Ragtime is based on a book about race (whites and blacks) and immigrant relations. It ties together several story lines, focusing on a black family, an Eastern European father and daughter, and an affluent white family, with the play mostly taking place in the greater New York city area. As the title suggests, ragtime music features prominently in the musical, and that was a lot of fun.

The actors/singers were jaw-droppingly good, especially the lead actor who played Coalhouse, a ragtime musician who is looking for a woman he loves. As far as I remember from the cast list, the actor who played Coalhouse was the only professional actor, and I am glad they cast him. Even at the start of the play, when there were close to fifty actors on stage at the same time, singing the opening numbers, my eye was drawn to Coalhouse. He had a huge stage presence, and he could sing mightily. What a great actor, at least for this role.

The other actors were all excellent, to the point where after the play, I asked Mer that if this was the level of talent a regional production could put on, how did anyone ever make it in New York or Los Angeles? Kent’s Ragtime was professional-grade all the way through: acting, music, set, and sound system.

The story itself was compelling as well. Sometimes in plays there are characters whom I do not like or about whom I simply do not care. Ragtime did not have any of these. I was interested in what happened to all of the main characters, and there are a lot of them – eight main characters in the three main families, and many supporting roles.

While I suspect many people would not want to see two plays spanning over two hundred years on the same day, it made for a pretty great day for me and Mer.

Pickin’ and Dancin’

There are times in my life where I get frustrated with my idle brain, and I snap and decide I need to get back into learning things. That happened again recently, so I decided to try a couple of things. Last Tuesday was the day – I started back at guitar lessons and started dance lessons with Mer.

I have had a guitar for about fourteen years now, and when we first married, Mer and I took lessons together. I had a year or so of lessons, and got to where I could play about a dozen chords and knew a few strum patterns for my right hand. Then, I stopped taking lessons, and I started putzing around with other instruments. So, over the last decade, I have managed to stall at getting better on guitar, and not really gotten good at any of the other half-dozen instruments that I have in my music room. I decided to go back to square one, and I asked a colleague of mine who plays guitar if he would give me lessons. He agreed, and we had out first get-to-know-you lesson on Tuesday. I think Matt (my teacher) was pleased with what I already knew, and I liked Matt’s teaching style and the fact he listened to what I like for music, so I think it is going to work out well.
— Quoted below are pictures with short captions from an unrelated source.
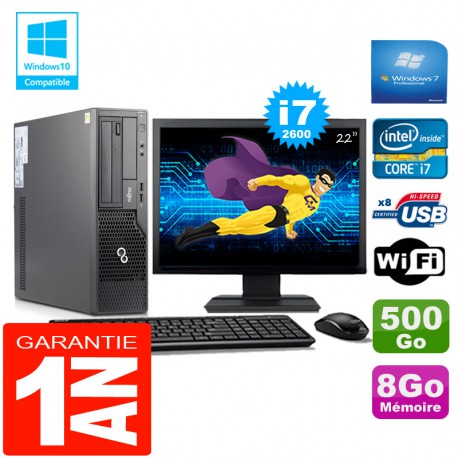 PC Fujitsu Esprimo E500 E85+ SFF I7-2600 RAM 8Go Disque 500Go Wifi W7 Ecran 22"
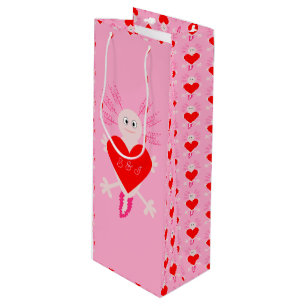 Valentines Day Love Heart Axolotl Monogrammed Wine Gift Bag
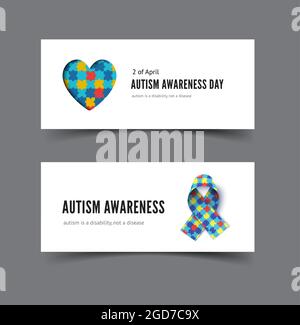Autism awareness day banner with heart of colorful puzzles and awareness ribbon. Template for web banner Stock Vector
Tuesday night, Mer and I had our first dance lessons. Years ago, my brother took swing dance lessons, I got to see him dance swing a few times. It looked like a ton of fun, and I have wanted to try it for awhile now. Mer and I are at the age where some of our former students are getting married, especially this upcoming summer. The potential for dancing at receptions seemed to me like a good excuse to finally take some lessons, and happily Mer agreed. We found a ballroom in downtown Cuyahoga Falls, only about ten minutes away. We had an introductory (short and free) lesson last week, but out first real lesson was Tuesday evening. We met our instructor, Dominique, and he turned out to be a lot of fun. He knows what he is doing, and he laughs a lot. We had a good time with him. We learned three slow-dance steps, and four swing steps. Sadly, we did not write them down, so once we went to practice the steps on Thursday, we remembered the slow-dance steps, but could only remember three of the four swing steps. I’m sure we’ll pick it up once we go over it again, but Mer and I both agreed we need to write the steps down, if only to help us remember once we get home. The basic steps have been fairly easy to learn, so we may actually be able to dance a few dances at our first wedding of the season, which is in a month. Dancing with Mer is much fun, and I wish I had started years ago. Bully for me in finally getting my butt on the dance floor.